WHAT IS REQUIRED ▸
Exact transcription, pictures omitted: reproduce the listing below.

____ DATASET ENTRIES

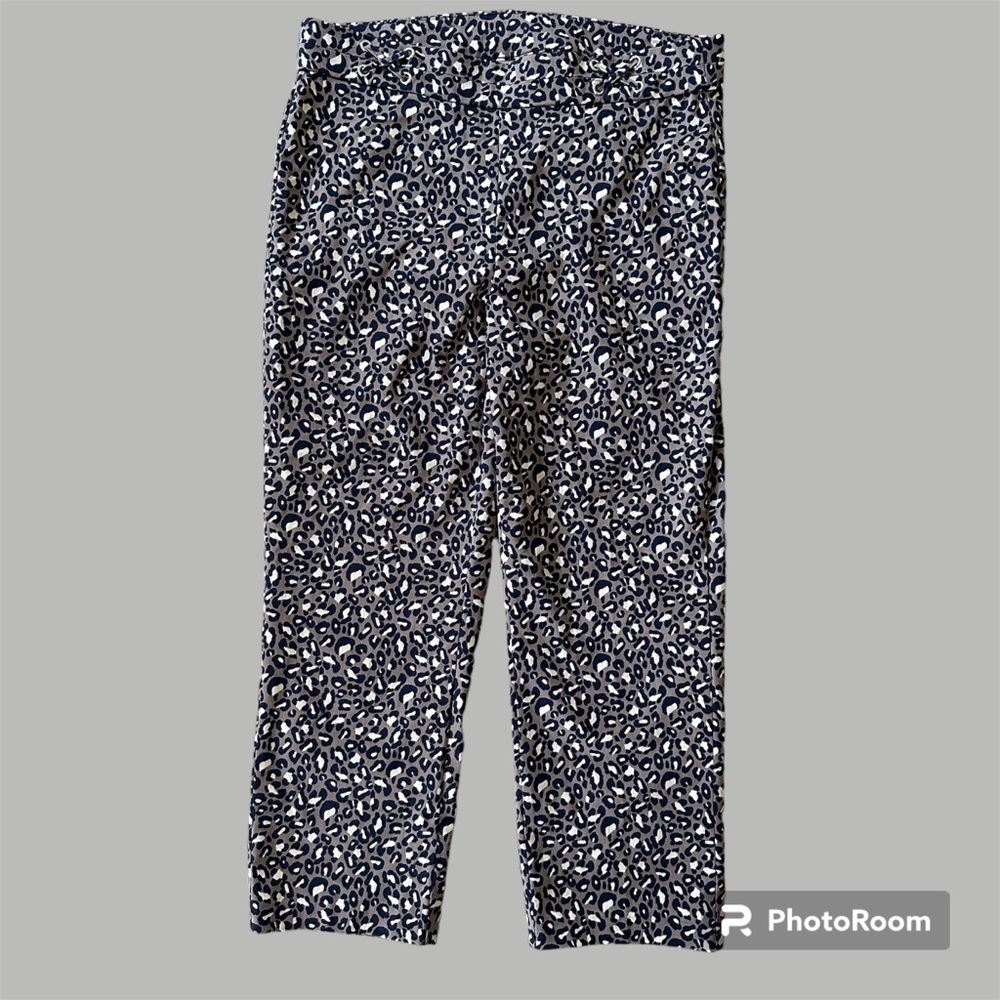 Cute & comfy Cheetah print women’s 3/4 length stretch waist pants.  Size 8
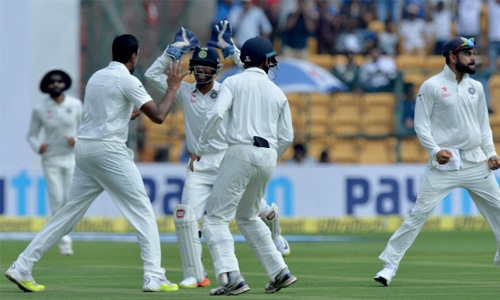 Jadeja strikes blow for India as Smith falls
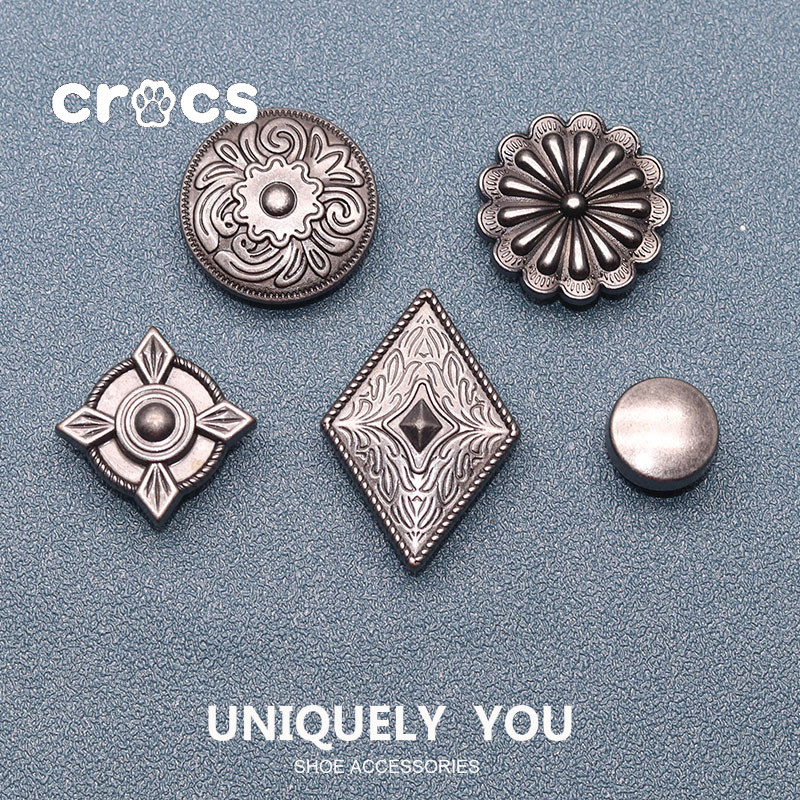 Crocs JIbbitz หัวใจโลหะ JIbbitz โลหะรองเท้าบาสเก็ตบอลหัวเข็มขัด charm Crocs อัญมณีดอกไม้รองเท้าอุปกรณ์เสริม
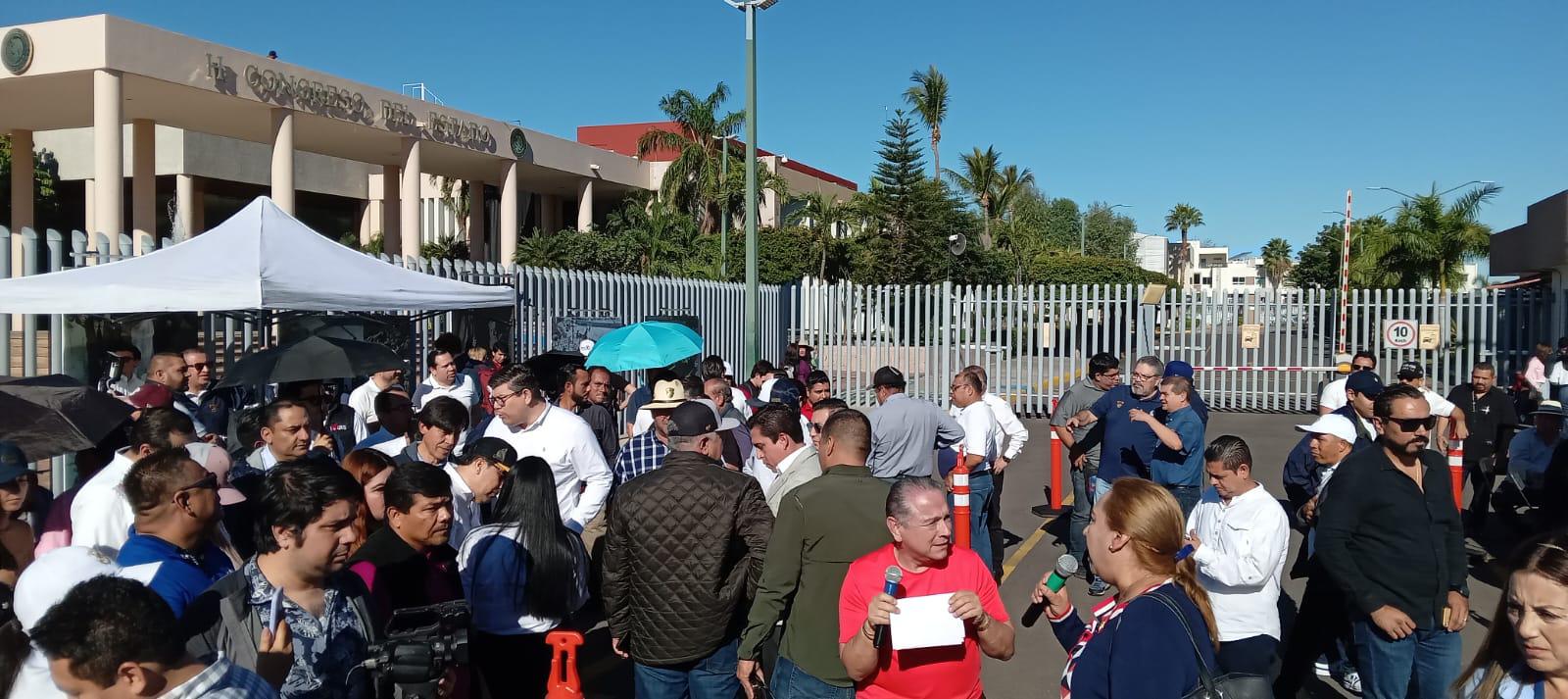 $!Trabajadores de la UAS se concentran por tercera vez en el Congreso de Sinaloa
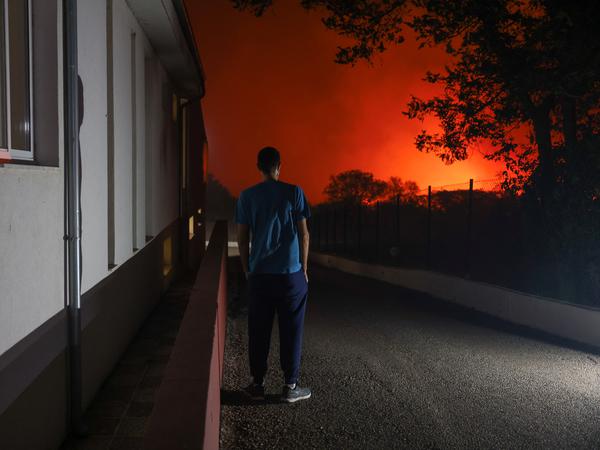 Ein Feuer nahe einem Krankenhaus in Alexandroupolis.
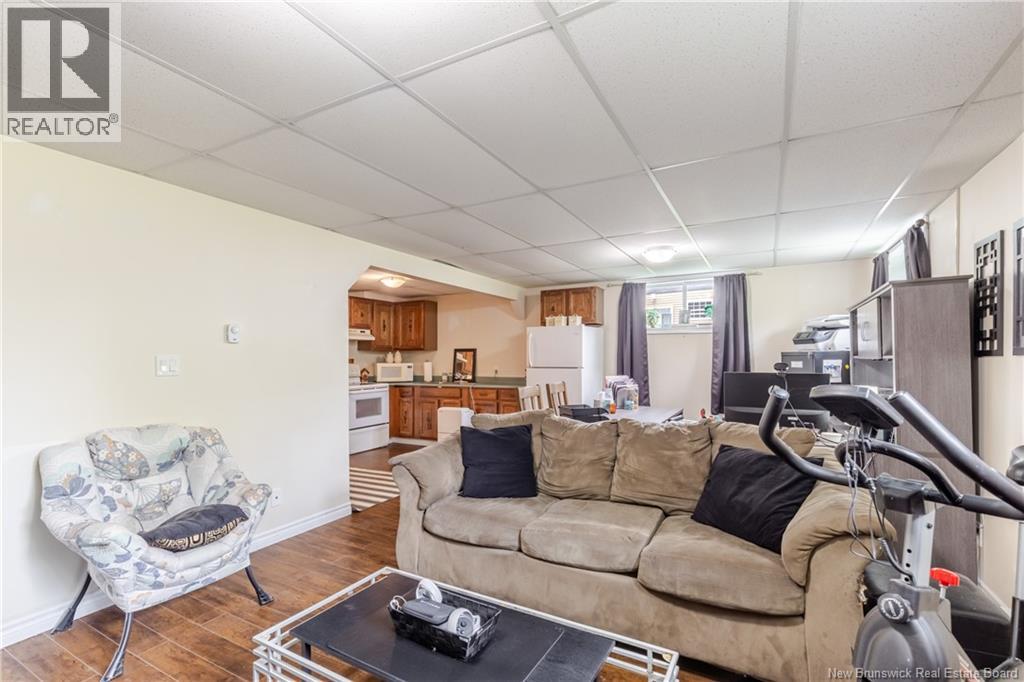 281 Canterbury Drive, Fredericton, New Brunswick  E3B 4M2 - Photo 25 - NB141090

________

WRITTEN ANSWER ▸
 Cute & comfy Cheetah print women’s 3/4 length stretch waist pants.  Size 8
 Jadeja strikes blow for India as Smith falls
 Crocs JIbbitz หัวใจโลหะ JIbbitz โลหะรองเท้าบาสเก็ตบอลหัวเข็มขัด charm Crocs อัญมณีดอกไม้รองเท้าอุปกรณ์เสริม
 $!Trabajadores de la UAS se concentran por tercera vez en el Congreso de Sinaloa
 Ein Feuer nahe einem Krankenhaus in Alexandroupolis.
 281 Canterbury Drive, Fredericton, New Brunswick  E3B 4M2 - Photo 25 - NB141090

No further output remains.